Ils ne décrétèrent pas que la nation revenait à ses
"vomissements".
Le général de Gaulle n'a pas été désavoué,
le 5 décembre, comme Winston Churchill l'a été en 1945, mais la
preuve a été faite par les chiffres, ceux des résultats électoraux
et ceux des sondages, que sa clientèle se recrute désormais surtout
parmi les électeurs modérés, bien qu'il continue, en raison de sa
personnalité, à recueillir les voix d'électeurs qui se déclarent "à
gauche" ou "du centre". Mais de ceux qui se classaient eux-mêmes à
gauche et qui, au début de novembre, exprimaient l'intention de
voter pour lui, la moitié environ est passée aux candidats de
l'opposition au cours de la campagne électorale. Le phénomène plus
marqué encore s'est produit dans l'électorat qui se situait
lui-même au centre.
En 1940, Churchill était un chef national,
en 1945, un chef de parti. En 1965, le général de Gaulle tend à
n'être plus que le chef non d'un parti mais d'une fraction des
électeurs. Au reste, cette polarisation du gaullisme à la droite du
corps électoral (la droite étant définie simplement par les
déclarations ou les votes des personnes interrogées) existait
depuis longtemps, elle s'est brusquement accentuée à la faveur de
la campagne électorale, peut-être aussi à la faveur des
circonstances: les Français ont le sentiment que la crise est
surmontée.
Quels sont les thèmes ou les arguments de
l'opposition qui ont trouvé le plus d'écho dans l'opinion? Chacun
des commentateurs a répondu à cette question plus d'après ses
préférences qu'au terme d'une étude objective. Provisoirement, nous
ne disposons que de deux faits incontestables.
Le premier est le divorce entre les
générations. Tous les sondages en témoignent: c'est parmi les
hommes de plus de 65 ans que le général de Gaulle conserve le plus
de partisans, parmi ceux de moins de 30 ans qu'il en a le moins.
Les deux principaux candidats de l'opposition ensemble obtiennent
plus de la moitié des suffrages des "moins de 30 ans".
Pourquoi les écrivains, qu'ils aient 60 ou
80 ans, devraient-ils s'en étonner ou s'en indigner? Les hommes de
30 ans ne connaissent les événements de 1940 que par les livres. Ni
Maurras ni Bainville ne signifient grand-chose pour la majorité
d'entre eux. Ils ne sont pas moins patriotes que ceux dont la
formation politique remonte aux premières années du siècle, ils le
sont autrement. Peut-être sont-ils moins sensibles que le général
de Gaulle et ses compagnons d'âge à certains thèmes de la
philosophie politique traditionnelle.
Nous en venons ainsi au deuxième fait, lui
aussi incontestable.
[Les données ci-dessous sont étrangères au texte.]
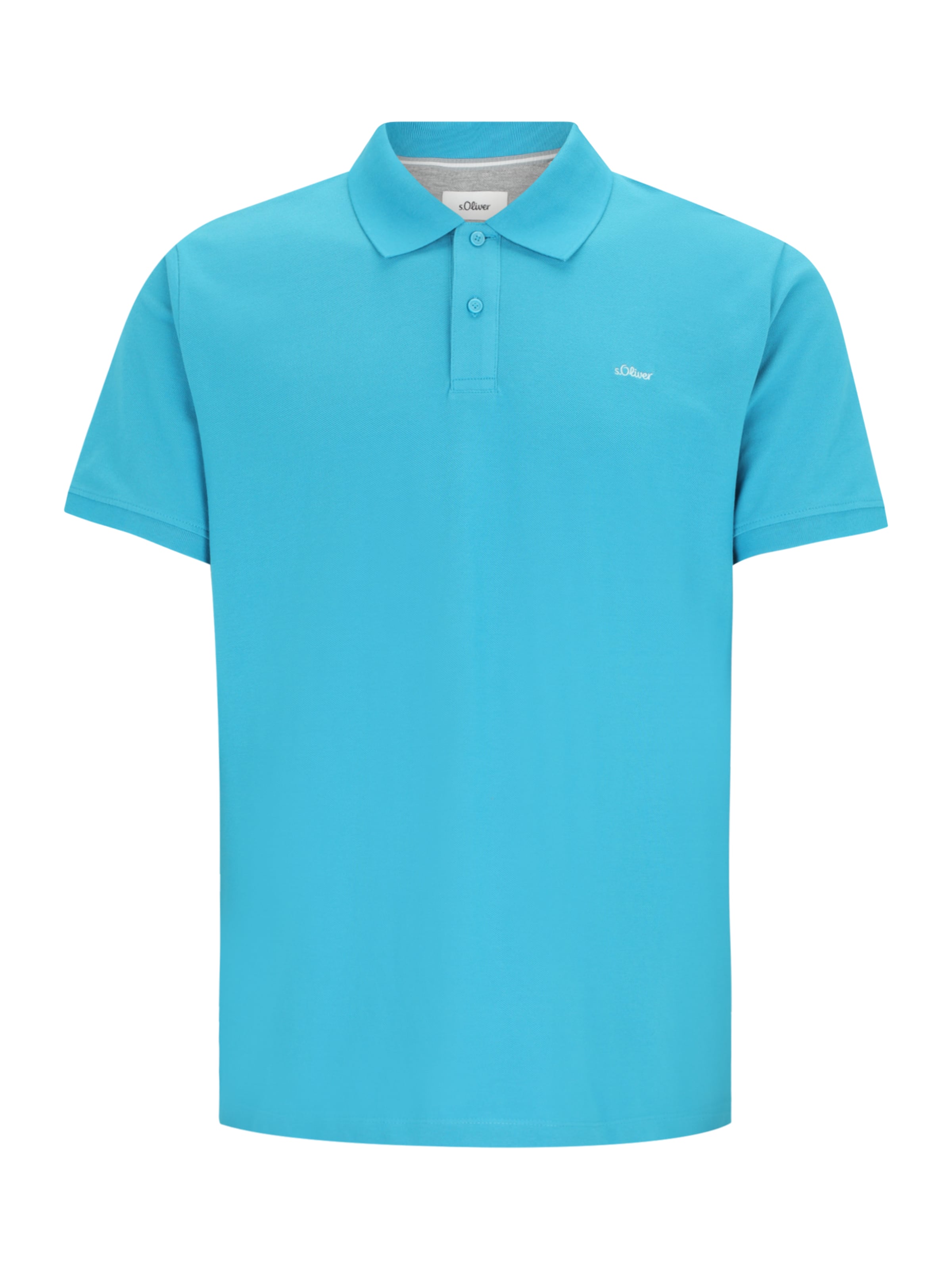 s.Oliver Men Big Sizes Shirt in Blau: Vorderseite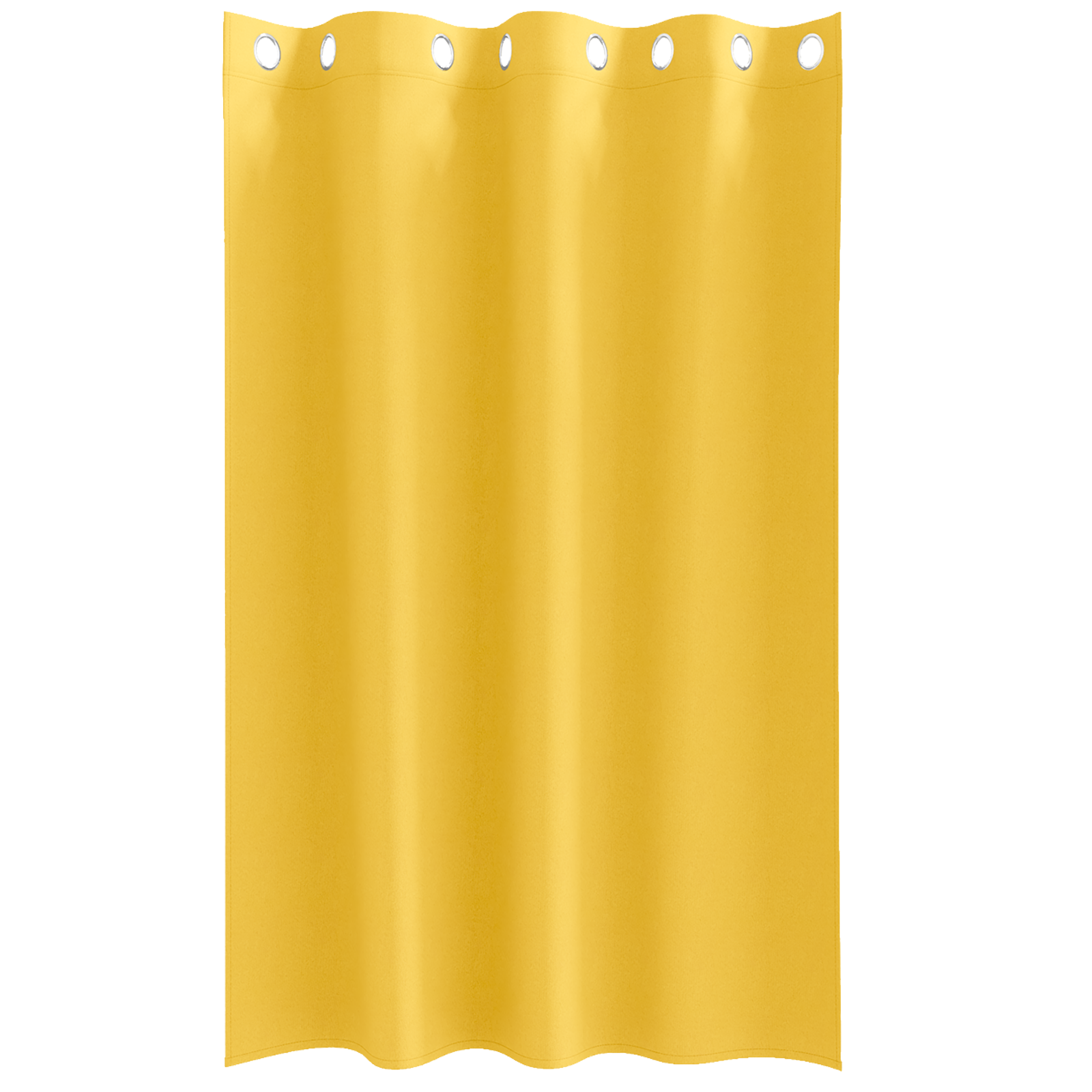 Gordijnen 2 pcs Mosterdgeel 175 x 140 cm Polyester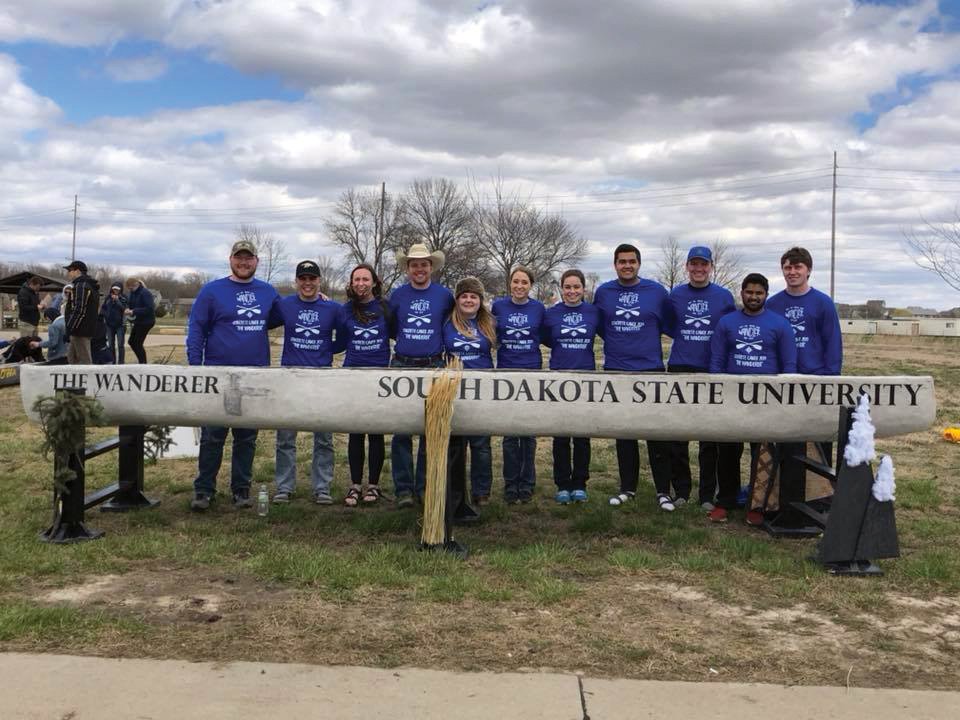 Civil and Environmental Engineering concrete canoe competition team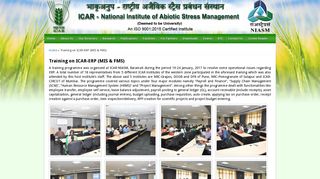 Training on ICAR-ERP (MIS & FMS) | ICAR-NIASM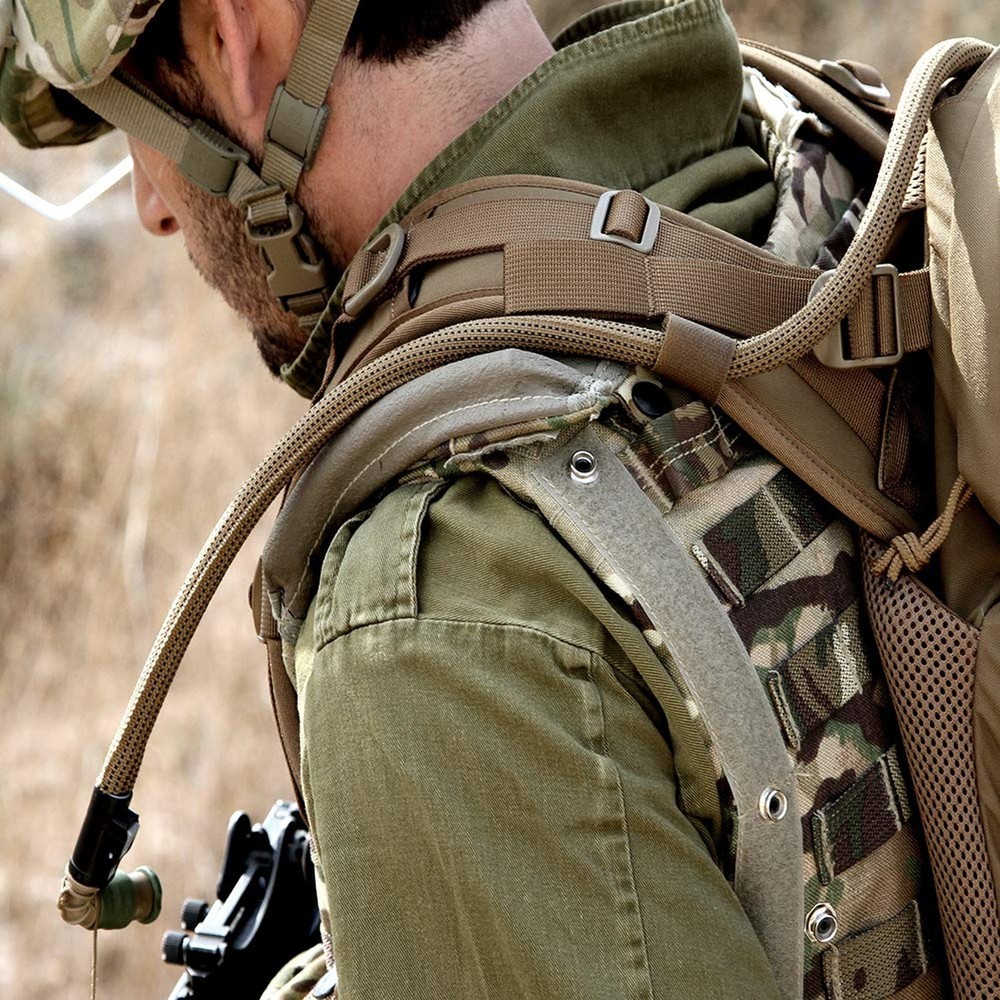 Source Tactical Kangaroo 1L Collapsible Widepac Hydration Bladder - High-Flow...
Tous les candidats, de la droite à la gauche,
de M. Tixier-Vignancour au général de Gaulle, se sont déclarés
"européens". Le mot ou l'idée d'Europe est populaire. Le général de
Gaulle et les gaullistes plus encore ont multiplié les déclarations
en faveur de "l'idée européenne" et laissé entendre que les
représentants français reprendraient leur place à Bruxelles après
des négociations prochaines. En bref, les trois principaux
candidats, M. Mitterrand en dépit du soutien que lui apportent les
communistes, aussi bien que le général de Gaulle et M. Lecanuet, se
sont présentés comme de "bons Européens". Toute la question est de
savoir si ou dans quelle mesure la campagne électorale a permis à
"l'électeur moyen" de saisir la différence entre les conceptions du
général de Gaulle et celles de M. Lecanuet.
Avant cette campagne, la plupart des
électeurs - et je me réfère une fois de plus aux résultats des
sondages - accordaient au général de Gaulle au même titre qu'à M.
Jean Monnet (s'ils connaissaient ce dernier) un brevet de "bon
Européen". Ils comprenaient mal les discussions auxquelles se
plaisaient les spécialistes de la politique sur les mérites
respectifs de "l'Europe supranationale" et de "l'Europe des
patries". Peut-être les comprenaient-ils, mais, en ce cas, ils se
refusaient à leur reconnaître une importance décisive. Un sondage
mené au lendemain du 19 décembre sur le problème européen serait
instructif. Les Français ont-ils pris conscience des oppositions
entre les diverses écoles qui emploient également le mot "Europe"
mais avec des intentions divergentes et avec une conviction
inégale?
Nul ne peut dire l'influence qu'ont exercée
les mots d'ordre européens de M. Lecanuet, pour la simple raison
que ce dernier a recruté ses électeurs parmi ceux qui se
déclaraient centristes, autrement dit qui étaient, à l'avance,
acquis à l'idée européenne. Pendant la campagne électorale, M.
Lecanuet n'a pas tant converti des électeurs qu'amené une
clientèle, qui existait virtuellement, à prendre conscience
d'elle-même. Au début de novembre, des hommes et des femmes qui
appartiennent à la gauche modérée et au centre voulaient voter pour
le général de Gaulle parce qu'ils ne voyaient pas d'autre candidat
possible. Un mois plus tard, ils en découvraient un, peut-être
deux.
Il est d'autant plus difficile de
déterminer l'influence exercée par les thèmes électoraux sur les
décisions finales des électeurs que les dirigeants du parti
communiste français et plus encore les dirigeants du parti
communiste russe préfèrent, au fond d'eux-mêmes, la diplomatie du
général de Gaulle à celle qu'annonçaient M. Lecanuet et même M.
Mitterrand. Beaucoup de modérés votent pour le général de Gaulle
non pas à cause mais en dépit de sa politique étrangère. Beaucoup
d'hommes de gauche votent contre "le pouvoir personnel", non pas
contre "la diplomatie d'indépendance nationale" ou contre
l'antiaméricanisme officiel (ils en souhaitent même parfois une
dose supplémentaire).
La personnalité du général de Gaulle n'a
pas empêché les Français de voter, partiellement au moins, selon
leurs allégeances coutumières, mais elle interdit de passer des
hommes aux idées. M. Pinay ou M. Giscard d'Estaing, à la place du
général de Gaulle, auraient probablement recueilli les trois quarts
ou les deux tiers des voix obtenues par l'actuel président de la
République sans que, pour autant, un autre chef des modérés doive
se réclamer nécessairement du gaullisme. Il se peut que l'habitude
se conserve de combiner "le maintien de nos alliances" avec
"l'indépendance nationale" dans les discours officiels. Rien ne
permet d'affirmer que le style propre du général exprime un désir
profond des Français ou qu'il dure après lui.